5.Vesting. To vest in the PSUs subject to this Award Agreement, including reinvested dividend equivalents, you must accept your award, and you must be continuously employed by the Company and/or its 100% owned (directly or indirectly) subsidiaries whose participation has been approved by the granting Committee (“Participating Companies”) from the Grant Date specified in the Award Summary through the Settlement Date. Prior to settlement, vested PSUs remain subject to adjustment pursuant to Section 2.
Except as specified in Section 6 below, as approved in writing by the granting Committee in its sole discretion, or as specified otherwise in a written letter agreement between you and the Company, unvested PSUs shall be immediately cancelled and all rights thereunder forfeited when you cease for any reason to be employed by the Company and the Participating Companies (as determined in accordance with the policies and practices of the Participating Company for whom you were last performing services, including any policies applicable to leaves of absence) (such cessation of employment referred to as a “Termination of Employment”). Transfer of employment among the Company and Participating Companies shall not constitute a Termination of Employment.
If a Change of Control occurs and the successor or surviving entity does not assume or continue the PSUs, the PSUs shall become vested immediately prior to the Change of Control in accordance with Section 12(a) of the Plan. Otherwise and except as provided in Section 6(e), vesting shall not be accelerated solely as a result of a Change of Control or a Termination of Employment following a Change of Control.

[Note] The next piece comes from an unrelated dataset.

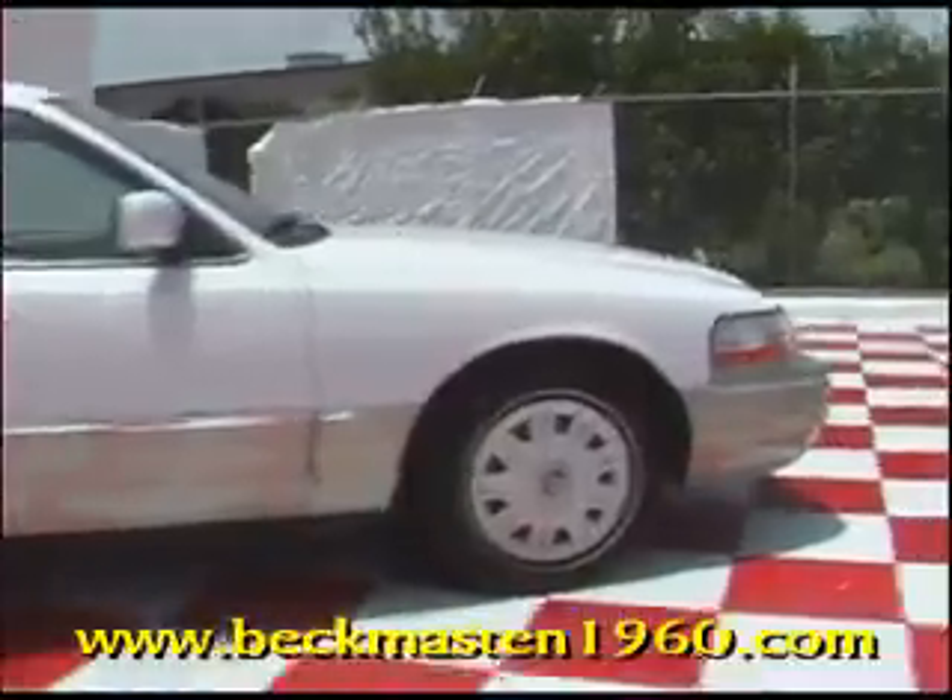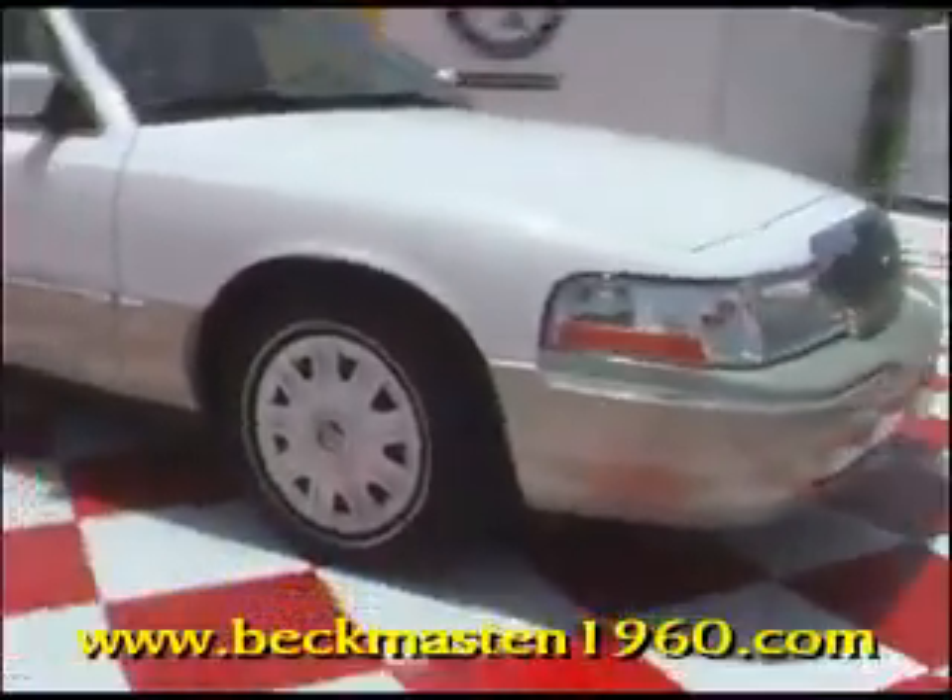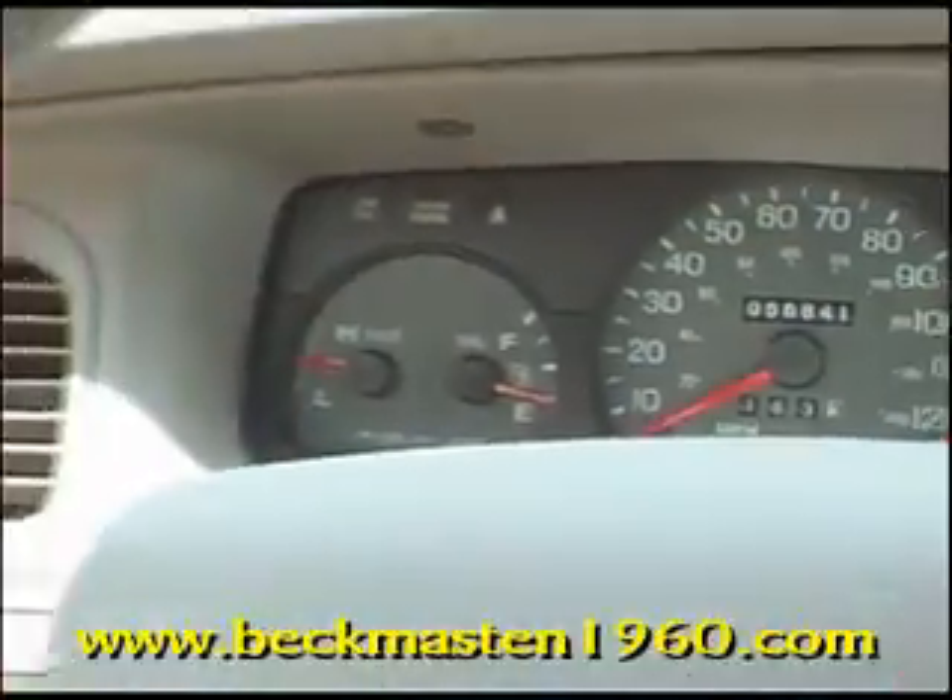Come take a look at it today and see our great selection of low mileage, extremely clean vehicles at Beckenmaster 1960. We are located on 1960 between 290 and Jones Road. Give us a call today. We are Beckenmaster 1960.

6.Accelerated Vesting Upon Certain Terminations of Employment. The vesting date for the PSUs subject to this Award Agreement shall be accelerated after your Termination of Employment to the extent specified in this Section. Accelerated vesting does not change the Settlement Date, and prior to settlement, vested PSUs remain subject to adjustment pursuant to Section 2.
a.Retirement after One Month of Participation or Layoff after One Year of Participation. If you accept the award, a prorated number of the PSUs shall be vested after the date of your Termination of Employment due to Layoff (as defined below) provided such termination occurs at least one year after the beginning of your participation in the Performance Share Program during Performance Period 25 or due to Retirement provided such termination occurs at least one month after the beginning of your participation in the Performance Share Program during Performance Period 25.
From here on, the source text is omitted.